Microgreens are tiny leafy vegetables that come with a multitude of health benefits. These micro plants aren’t just decorative additions to food dishes, but they also pack a nutritious, healthy punch. Some microgreen species can even be 40 times more potent than their regular, larger counterparts. In this article, we’re going to discuss the 6 major microgreen health benefits that will boost your overall health.
1) Reduce Your Risk for Heart Disease
One of the crucial microgreen health benefits is that these tiny vegetables contain a high number of polyphenols, which are antioxidants that have been linked to lowering the risk for heart disease. Antioxidants are known for their ability to prevent free radicals from growing. Free radicals are reactive compounds that cause cell damage and diseases. Not only are microgreens a carrier of polyphenols, but they also contain a higher number compared to their mature vegetable counterparts.
2) Minimize Risk of Certain Cancers
Since microgreens carry a large amount of polyphenols, they can lower the risk for different kinds of cancer. Vegetables and fruits that are rich in antioxidants can be a fantastic addition to disease prevention.
3) Nutrient-Dense Vegetables
Even though they’re small for their size, microgreens have a vast array of health benefits. These tiny vegetables can have up to 40 times as much nutrients compared to mature vegetables. Knowing this, it can be life changing to incorporate small amounts of microgreens in every meal because they’re packed with nutritional benefits.
4) Can Improve Eyesight
Another wonderful microgreen health benefit is that these leafy greens contain lutein, which is a phytochemical seen in vision health. When you’re staring at your screen for too long, the intense rays can cause headaches, eye strain, and more. Lutein makes it easier for your eyes to absorb any excess light intensity to relieve headaches or other harm caused by excess light.
5) Reduces the Risk of Diabetes
One of the major microgreen health benefits is that they’re packed with antioxidants. These antioxidants can help lower the stress that prevents sugar from entering cells. Fenugreek is a specific microgreen known for its ability to increase sugar uptake in cells.

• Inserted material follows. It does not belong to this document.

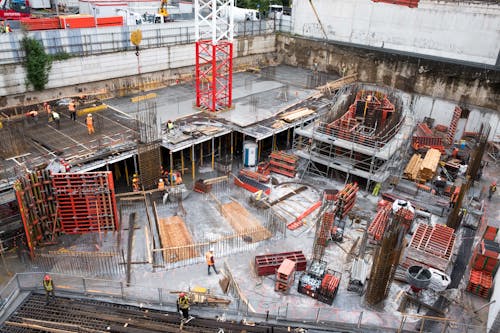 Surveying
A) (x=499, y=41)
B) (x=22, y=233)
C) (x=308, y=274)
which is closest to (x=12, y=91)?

6) Lowers Chance of Alzheimer’s
Foods that are high in polyphenols may be able to lower the risk of developing Alzheimer’s. Cruciferous vegetables such as broccoli are high in Vitamin B and carotenoids which may lower levels of homocysteine, an amino acid that has been linked to cognitive decline. The microgreen version of cruciferous vegetables will be packed with even more vitamins and nutrients and should be incorporated in a daily diet to prevent disease.